Co-authored by Ted A. Gehring.

Although the California courts have steadily eroded employers’ ability to contractually limit their former employees’ solicitation of their customers, a stipulated injunction limiting solicitation can still be enforced. In Wanke, Industrial, Commercial, Residential, Inc. v. Superior Court, 2012 WL 4711888, the California Court of Appeal, 4th Appellate District, reversed a trial court order that found a stipulated injunction prohibiting solicitation of a specific customer identified on a customer list could not enforced based on the trial court’s conclusion that the identity of that customer was not a trade secret.

In the underlying action, Wanke, Industrial, Commercial, Residential, Inc. (“Wanke”) sued two former employees and their new company for, in part, misappropriation of trade secrets, after the employees started a competing business. The parties resolved the action by entering into a settlement agreement and mutual release, as well as a stipulated injunction that, in part, prohibited the former employees from “contacting or soliciting” any customer identified in a customer list which was attached to the stipulated injunction. The stipulated injunction also had a $50,000 liquidated damages provision for the initial violation and $10,000 for each subsequent violation.

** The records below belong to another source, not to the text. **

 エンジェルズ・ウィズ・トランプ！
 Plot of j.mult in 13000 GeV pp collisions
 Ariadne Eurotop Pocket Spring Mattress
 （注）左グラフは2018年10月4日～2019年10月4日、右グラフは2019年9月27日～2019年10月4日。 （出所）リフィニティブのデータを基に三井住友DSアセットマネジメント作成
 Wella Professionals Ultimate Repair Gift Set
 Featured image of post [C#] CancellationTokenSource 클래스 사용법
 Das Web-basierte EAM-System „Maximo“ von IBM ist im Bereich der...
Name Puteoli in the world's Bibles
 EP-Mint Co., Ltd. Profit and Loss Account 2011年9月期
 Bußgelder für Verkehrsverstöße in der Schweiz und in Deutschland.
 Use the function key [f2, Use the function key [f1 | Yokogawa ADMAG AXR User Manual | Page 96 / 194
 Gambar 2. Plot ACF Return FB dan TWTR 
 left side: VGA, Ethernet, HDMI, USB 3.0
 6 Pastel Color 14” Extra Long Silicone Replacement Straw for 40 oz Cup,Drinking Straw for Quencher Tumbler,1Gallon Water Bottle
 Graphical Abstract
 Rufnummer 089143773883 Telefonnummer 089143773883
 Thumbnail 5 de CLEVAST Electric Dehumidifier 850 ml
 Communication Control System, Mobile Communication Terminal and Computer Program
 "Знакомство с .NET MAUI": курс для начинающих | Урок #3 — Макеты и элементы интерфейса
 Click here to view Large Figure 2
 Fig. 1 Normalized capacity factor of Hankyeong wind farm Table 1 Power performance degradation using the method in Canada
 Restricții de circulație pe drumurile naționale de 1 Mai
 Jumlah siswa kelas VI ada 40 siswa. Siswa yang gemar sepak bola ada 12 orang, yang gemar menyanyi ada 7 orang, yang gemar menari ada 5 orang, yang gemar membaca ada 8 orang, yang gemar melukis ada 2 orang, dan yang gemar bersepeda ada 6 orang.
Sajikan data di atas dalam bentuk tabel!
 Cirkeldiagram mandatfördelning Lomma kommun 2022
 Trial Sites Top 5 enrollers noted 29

Thereafter, Wanke filed (1) an application for an order to show cause why the former employees should not be held in contempt for having, in part, contacted a customer identified on the customer list, Con Am Management (“Con Am”), and (2) a motion to enforce the settlement agreement. The trial court refused to hold the defendants in contempt because it concluded that Wanke had failed to establish the “existence of a lawful order.” The trial court concluded that the stipulated injunction was invalid under California Business & Professions Code Section 16600 (which provides, with limited exceptions, that every contract by which anyone is restrained from engaging in a lawful profession, trade or business of any kind is to that extent void), because the identity of the customer, Con Am, was not a trade secret because it could be easily identified as a potential customer. The trial court stated that the stipulated injunction was enforceable only with respect to jobs undertaken or proposed to be undertaken for Con Am while the individual defendants were employed by Wanke.

Wanke filed a subsequent motion to enforce the settlement agreement with respect to different customers. The court granted that motion because it related to jobs that were undertaken while the individual defendants were employed by Wanke. The defendants appealed and Wanke filed a cross-appeal. Wanke also filed a petition for writ of mandate challenging the trial court’s order insofar as the court refused to hold the individual defendants in contempt for violating the stipulated injunction.

The Court of Appeal denied the writ petition, finding that the underlying contempt proceeding was a criminal proceeding, and therefore, the double-jeopardy clause contained in the Fifth Amendment of the U.S. Constitution precluded the appellate court from reviewing the trial court’s “acquittal” of the individual defendants on the contempt charges.

The Court of Appeal, however, reversed the trial court’s finding that the stipulated injunction was not enforceable as to Con Am. The Court held that a party may not defend against the enforcement of a court order by contending merely that the order is legally erroneous. The Court stated a party may successfully defend against the enforcement of an injunction on the ground that the injunction is invalid only in the narrow circumstance in which the party can demonstrate that the injunction was beyond the trial court’s jurisdiction to issue in the first instance.

Since the trial court had jurisdiction over the parties and it could not be concluded from the face of the stipulated injunction that it did not protect Wanke’s trade secrets, the stipulated injunction was facially valid. The Court of Appeal further stated that even assuming the former employees could demonstrate the trial court erred in issuing the stipulated injunction because the customer list attached thereto was not a protected trade secret, such a showing would be insufficient to avoid enforcement of the injunction. The court also noted that the trial court’s decision was contrary to fundamental fairness and common sense, and that the former employees could not stipulate to an injunction that identifies certain customers whom they will not solicit in order to resolve a misappropriation claim, and then proceed to violate the injunction by claiming the same customer list is not a trade secret.

As such, at least for now, stipulated injunctions in trade secret actions will be enforced in California as long as the court properly has jurisdiction and the injunction, on its face, is not invalid.